Build a new prototype programming environment based on more new and modern ideas learned from experience and academia.

These include:

  • Familiar programming language - a programming language that will be fimiliar to most people; built on top of C++, but with ideas taken from Java, C#, Swift, Erlang, Scala, Lisp, Smalltalk, …
  • Static type system - the programmer must be clear and explicit about what the program is doing.
  • Use the static type system to solve more problems:
    • No null pointer exceptions - “The Billion Dollar Mistake” has plagued us for too long, and most more modern languages are solving this quite neatly.
    • Some people don’t see this as a big deal. Sure:
    • If you check all your pointers in Java, C#, C++.
    • Or you use references (in C++) or stack values.
    • Or you remember to anotate them with @null and @notnull (or whatever).
    • Pointers, who needs ‘em.
    • Optionality is useful for saying “Zero or One of X”. Example “ParseInt(String) -> Int? either returns the integer or null meaning you lose). Think of it as a soft-error return.
    • The static type system encodes the optionality in the type, and you can’t get round it without being explicit (ie. I “assert” it cannot be null).
    • Programs always can crash :-(
    • See Error 1.
    • Non-exceptional run-time error handling - the programmer must explicitly and consciously handle the problems user’s might face as close to the source as possible.
    • Exceptions were initially thought of as a good solution, but have proven to be a “bad” idea, though many people havn’t realized or agree on this yet.
  • Garbage collection - the programmer is absolved from worrying about memory management, computers are much better at doing this labor intensive task without error.

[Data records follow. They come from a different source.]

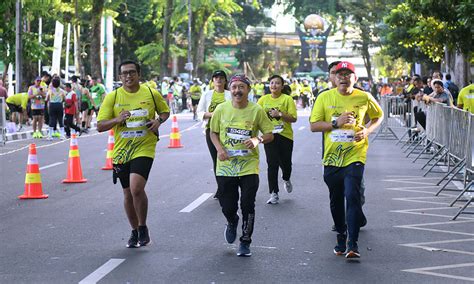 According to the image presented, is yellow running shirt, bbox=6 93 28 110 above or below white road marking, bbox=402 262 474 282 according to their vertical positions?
above

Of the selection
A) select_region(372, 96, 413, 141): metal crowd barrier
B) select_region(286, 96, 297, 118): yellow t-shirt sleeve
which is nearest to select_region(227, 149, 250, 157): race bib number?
select_region(286, 96, 297, 118): yellow t-shirt sleeve

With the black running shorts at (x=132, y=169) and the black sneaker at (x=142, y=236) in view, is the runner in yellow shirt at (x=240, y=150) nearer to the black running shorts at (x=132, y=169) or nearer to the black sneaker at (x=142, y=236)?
the black running shorts at (x=132, y=169)

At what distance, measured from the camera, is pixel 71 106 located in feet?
95.5

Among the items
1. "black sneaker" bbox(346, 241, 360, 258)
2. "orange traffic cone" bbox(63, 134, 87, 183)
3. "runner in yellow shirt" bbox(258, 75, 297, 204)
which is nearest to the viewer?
"black sneaker" bbox(346, 241, 360, 258)

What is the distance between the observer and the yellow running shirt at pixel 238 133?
379 inches

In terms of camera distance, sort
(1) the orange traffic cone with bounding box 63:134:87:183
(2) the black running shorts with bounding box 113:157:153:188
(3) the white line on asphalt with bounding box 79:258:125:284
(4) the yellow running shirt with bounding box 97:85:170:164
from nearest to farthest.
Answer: (3) the white line on asphalt with bounding box 79:258:125:284 < (2) the black running shorts with bounding box 113:157:153:188 < (4) the yellow running shirt with bounding box 97:85:170:164 < (1) the orange traffic cone with bounding box 63:134:87:183

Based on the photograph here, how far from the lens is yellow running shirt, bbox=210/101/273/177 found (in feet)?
31.6

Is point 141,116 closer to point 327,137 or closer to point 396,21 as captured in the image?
point 327,137

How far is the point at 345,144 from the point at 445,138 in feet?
29.5

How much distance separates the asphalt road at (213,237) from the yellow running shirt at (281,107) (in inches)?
38.2

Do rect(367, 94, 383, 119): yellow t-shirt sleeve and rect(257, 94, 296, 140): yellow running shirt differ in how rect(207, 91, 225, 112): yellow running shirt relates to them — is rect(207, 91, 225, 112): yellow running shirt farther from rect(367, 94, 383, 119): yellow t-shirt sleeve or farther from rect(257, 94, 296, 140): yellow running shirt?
rect(367, 94, 383, 119): yellow t-shirt sleeve

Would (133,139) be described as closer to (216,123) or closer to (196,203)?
(216,123)

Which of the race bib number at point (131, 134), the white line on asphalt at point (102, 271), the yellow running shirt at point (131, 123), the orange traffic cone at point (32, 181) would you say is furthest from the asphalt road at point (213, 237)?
the race bib number at point (131, 134)

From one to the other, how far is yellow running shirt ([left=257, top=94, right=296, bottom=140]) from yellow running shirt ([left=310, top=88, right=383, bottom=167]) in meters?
3.95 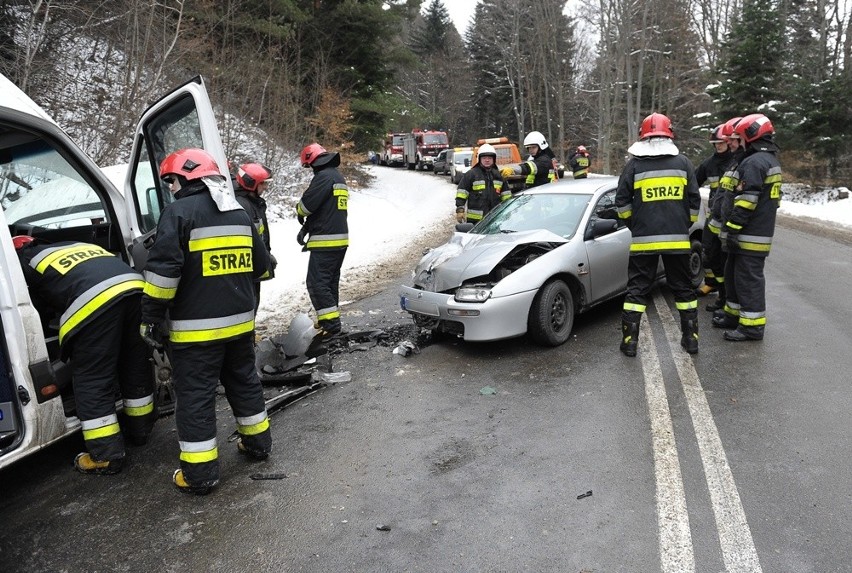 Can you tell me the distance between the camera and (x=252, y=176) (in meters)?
5.61

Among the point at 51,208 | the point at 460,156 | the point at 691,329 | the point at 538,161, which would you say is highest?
the point at 460,156

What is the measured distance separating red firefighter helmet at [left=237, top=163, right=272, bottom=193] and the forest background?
5.84 metres

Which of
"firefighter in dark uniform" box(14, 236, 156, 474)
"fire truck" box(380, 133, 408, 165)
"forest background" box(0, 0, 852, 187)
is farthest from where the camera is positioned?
"fire truck" box(380, 133, 408, 165)

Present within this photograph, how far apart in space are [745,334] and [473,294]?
257 centimetres

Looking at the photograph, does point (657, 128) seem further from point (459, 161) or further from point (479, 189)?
point (459, 161)

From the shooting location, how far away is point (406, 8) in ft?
79.6

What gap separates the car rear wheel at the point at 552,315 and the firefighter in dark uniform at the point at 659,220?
540 mm

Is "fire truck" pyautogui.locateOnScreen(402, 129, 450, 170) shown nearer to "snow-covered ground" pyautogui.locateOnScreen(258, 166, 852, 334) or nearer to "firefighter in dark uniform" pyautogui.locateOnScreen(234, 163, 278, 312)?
"snow-covered ground" pyautogui.locateOnScreen(258, 166, 852, 334)

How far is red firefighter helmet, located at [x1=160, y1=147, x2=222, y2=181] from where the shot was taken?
3.53 m

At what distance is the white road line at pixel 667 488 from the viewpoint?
8.86 feet

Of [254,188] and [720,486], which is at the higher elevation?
[254,188]

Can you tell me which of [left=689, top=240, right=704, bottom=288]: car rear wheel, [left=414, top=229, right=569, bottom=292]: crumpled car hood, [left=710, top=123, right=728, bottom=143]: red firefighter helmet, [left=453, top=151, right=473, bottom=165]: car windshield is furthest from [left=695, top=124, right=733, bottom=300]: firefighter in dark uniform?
[left=453, top=151, right=473, bottom=165]: car windshield

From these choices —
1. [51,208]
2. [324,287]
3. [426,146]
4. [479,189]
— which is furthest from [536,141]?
[426,146]

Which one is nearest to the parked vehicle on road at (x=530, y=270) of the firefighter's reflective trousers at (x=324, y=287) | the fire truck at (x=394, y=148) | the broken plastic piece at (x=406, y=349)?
the broken plastic piece at (x=406, y=349) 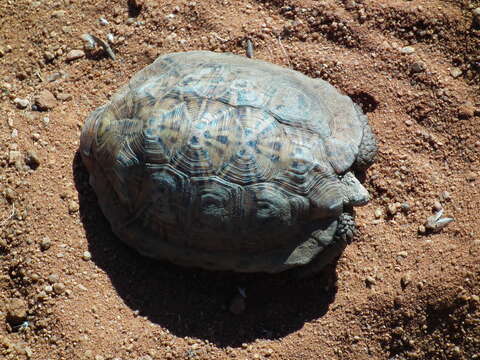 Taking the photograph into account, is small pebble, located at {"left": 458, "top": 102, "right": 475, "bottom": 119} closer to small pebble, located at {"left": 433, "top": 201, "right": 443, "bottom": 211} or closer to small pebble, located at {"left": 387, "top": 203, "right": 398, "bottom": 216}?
small pebble, located at {"left": 433, "top": 201, "right": 443, "bottom": 211}

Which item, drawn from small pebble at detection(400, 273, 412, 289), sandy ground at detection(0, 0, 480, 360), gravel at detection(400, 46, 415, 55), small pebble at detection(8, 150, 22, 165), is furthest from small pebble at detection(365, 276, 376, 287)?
small pebble at detection(8, 150, 22, 165)

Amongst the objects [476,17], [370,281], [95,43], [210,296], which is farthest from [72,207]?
[476,17]

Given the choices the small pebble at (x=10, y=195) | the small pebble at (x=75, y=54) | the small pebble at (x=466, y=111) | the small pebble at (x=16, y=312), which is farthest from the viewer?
the small pebble at (x=75, y=54)

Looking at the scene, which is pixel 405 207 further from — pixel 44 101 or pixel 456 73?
pixel 44 101

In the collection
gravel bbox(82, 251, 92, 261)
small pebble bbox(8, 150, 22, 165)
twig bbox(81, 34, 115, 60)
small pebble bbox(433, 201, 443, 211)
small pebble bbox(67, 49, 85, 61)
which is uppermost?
twig bbox(81, 34, 115, 60)

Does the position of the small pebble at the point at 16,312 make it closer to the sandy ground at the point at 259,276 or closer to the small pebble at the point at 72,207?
the sandy ground at the point at 259,276

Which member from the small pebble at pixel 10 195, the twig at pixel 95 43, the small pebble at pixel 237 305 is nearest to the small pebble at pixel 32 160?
the small pebble at pixel 10 195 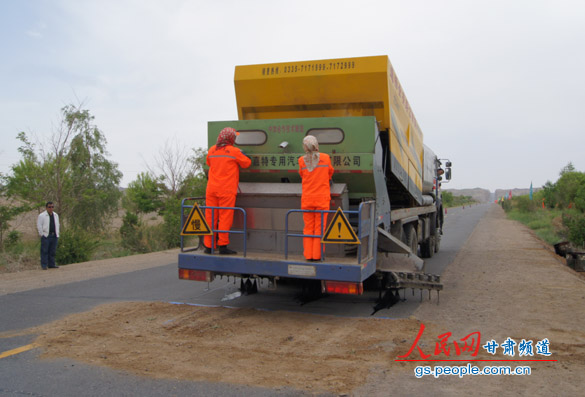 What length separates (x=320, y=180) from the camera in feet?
18.2

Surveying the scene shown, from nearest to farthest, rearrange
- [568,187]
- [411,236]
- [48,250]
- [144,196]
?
[411,236]
[48,250]
[144,196]
[568,187]

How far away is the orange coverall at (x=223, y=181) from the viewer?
6.04 metres

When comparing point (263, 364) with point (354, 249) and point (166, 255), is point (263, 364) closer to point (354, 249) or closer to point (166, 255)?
point (354, 249)

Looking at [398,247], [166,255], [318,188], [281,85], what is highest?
[281,85]

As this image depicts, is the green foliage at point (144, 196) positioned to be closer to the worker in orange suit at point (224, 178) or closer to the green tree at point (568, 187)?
the worker in orange suit at point (224, 178)

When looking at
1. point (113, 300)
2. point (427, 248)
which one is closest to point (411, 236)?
point (427, 248)

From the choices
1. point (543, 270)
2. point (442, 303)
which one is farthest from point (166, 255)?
point (543, 270)

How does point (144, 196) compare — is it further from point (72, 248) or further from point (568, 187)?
point (568, 187)

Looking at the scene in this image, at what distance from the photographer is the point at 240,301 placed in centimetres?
707

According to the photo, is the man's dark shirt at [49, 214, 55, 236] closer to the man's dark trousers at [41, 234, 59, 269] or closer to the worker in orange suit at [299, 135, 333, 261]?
the man's dark trousers at [41, 234, 59, 269]

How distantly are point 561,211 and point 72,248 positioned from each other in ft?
92.9

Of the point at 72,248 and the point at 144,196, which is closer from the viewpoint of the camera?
the point at 72,248

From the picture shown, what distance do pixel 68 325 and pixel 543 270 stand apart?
9427 millimetres

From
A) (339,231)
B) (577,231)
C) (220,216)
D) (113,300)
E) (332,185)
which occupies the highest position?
(332,185) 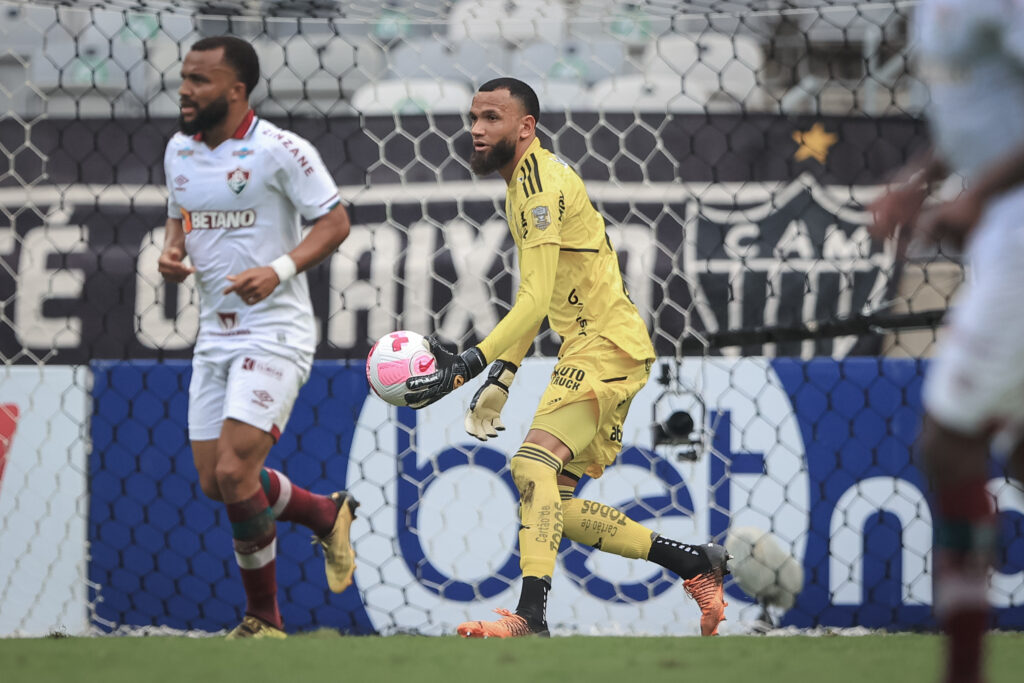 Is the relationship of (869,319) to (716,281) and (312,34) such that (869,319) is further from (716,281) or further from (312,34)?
(312,34)

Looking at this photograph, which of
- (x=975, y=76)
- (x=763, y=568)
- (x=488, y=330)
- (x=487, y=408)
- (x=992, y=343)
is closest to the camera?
(x=992, y=343)

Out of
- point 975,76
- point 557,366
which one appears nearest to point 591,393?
point 557,366

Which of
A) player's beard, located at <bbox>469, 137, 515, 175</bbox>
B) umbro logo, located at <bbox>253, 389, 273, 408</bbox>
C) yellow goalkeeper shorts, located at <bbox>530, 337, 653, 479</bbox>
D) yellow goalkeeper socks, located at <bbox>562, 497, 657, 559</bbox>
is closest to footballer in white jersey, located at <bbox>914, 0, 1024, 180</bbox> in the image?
yellow goalkeeper shorts, located at <bbox>530, 337, 653, 479</bbox>

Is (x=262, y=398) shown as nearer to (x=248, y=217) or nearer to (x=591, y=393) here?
(x=248, y=217)

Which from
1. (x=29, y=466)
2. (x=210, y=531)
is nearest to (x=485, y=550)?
(x=210, y=531)

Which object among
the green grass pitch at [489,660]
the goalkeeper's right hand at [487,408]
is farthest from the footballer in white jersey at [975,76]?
the goalkeeper's right hand at [487,408]

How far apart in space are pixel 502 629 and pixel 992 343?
2009 mm

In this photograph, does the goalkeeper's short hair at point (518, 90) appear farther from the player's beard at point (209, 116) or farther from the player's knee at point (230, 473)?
the player's knee at point (230, 473)

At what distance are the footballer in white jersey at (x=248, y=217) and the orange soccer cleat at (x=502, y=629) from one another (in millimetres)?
1104

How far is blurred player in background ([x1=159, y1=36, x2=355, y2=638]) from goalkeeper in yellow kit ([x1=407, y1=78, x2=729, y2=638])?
54 centimetres

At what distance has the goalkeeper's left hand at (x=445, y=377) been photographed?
3.66 metres

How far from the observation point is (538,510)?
12.4ft

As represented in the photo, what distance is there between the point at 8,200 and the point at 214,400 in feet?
7.28

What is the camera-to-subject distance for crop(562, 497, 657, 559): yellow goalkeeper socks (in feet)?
13.5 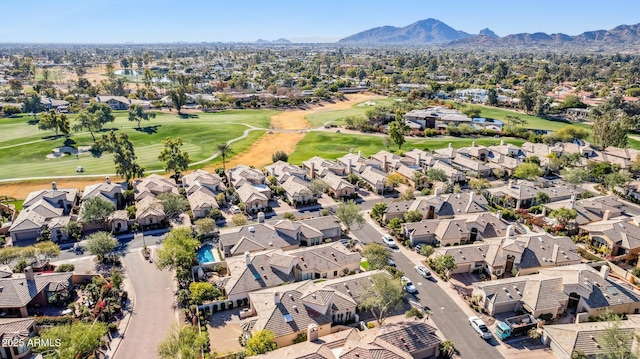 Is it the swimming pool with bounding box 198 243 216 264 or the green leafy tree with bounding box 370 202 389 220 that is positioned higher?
the green leafy tree with bounding box 370 202 389 220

This is contentious with some programmers; the answer to that is you shouldn’t do this for low level programming, but we’re not dealing in this area, so it’s good and right to do so.
  • Concurrency - modern computers have multiple processors, to use these effectively the programmer needs an easy way to use the CPUs effectively.
  • Use task/actor systems that share only immutable data, no locking and no mutation means the programmer can more easily understand how to do this well and without bugs.
  • Self awareness - The programming language provides a library to understand itself fully:
    • Convert text to an in-memory editable data structure.
    • Convert this in-memory structure back to text.
    • Analyze these data structures for full meaning, cross referencing, and compile time (programmer) errors.
    • Provide layers on top for editors, scripting, compilation, debugging and interactive features that are commonly needed.
  • Prototype - showing some of the basic required features listed in Background earlier, showing how easy such tools are to build given the foundation:
    • Find Definition
    • Find Reference
    • Auto Complete
    • Error Highlighting
  • Prototype stretch - show some cool and mandatory but important features to prove it really can work:
    • “Google Maps” Code View - this is an “exciter” in that I’ve not seen it done in many products, only hinted at in research.
    • Exporter
    • Compilation
    • Interactive Session

Status

On September 14, 2015

Rough completion for this years goal (not for a full final implementation) from the above list:

  • Familiar programming language - done
  • Static type system - done
  • No null pointer exceptions - done
  • Non-exception run-time error handling - done
  • Garbage collection - 80%
  • Concurrency - Deferred; this problem is complex to implement, not required to progress, and has already been proven to work very well on other projects.
  • Self-awareness - 50%
  • Prototype - 0%
  • Prototype stretch - 0%

Some stats, which if you’re aware of programmer productivity is very high. However I’ve been careful to work only about 8 hours for 6 days of the week to avoid burn out.

  • Lines of code written to date (from Jan 1st): 145,000
  • Average daily line count: 650
  • Number of code files: 25300
  • Total committed changes: 2670

On October 27, 2015

I’ve completed the Prototype goals already two months ahead of schedule! :-D

Info

Though not the stretch ones though, they were optional; they’ll eventually get done when it makes sense.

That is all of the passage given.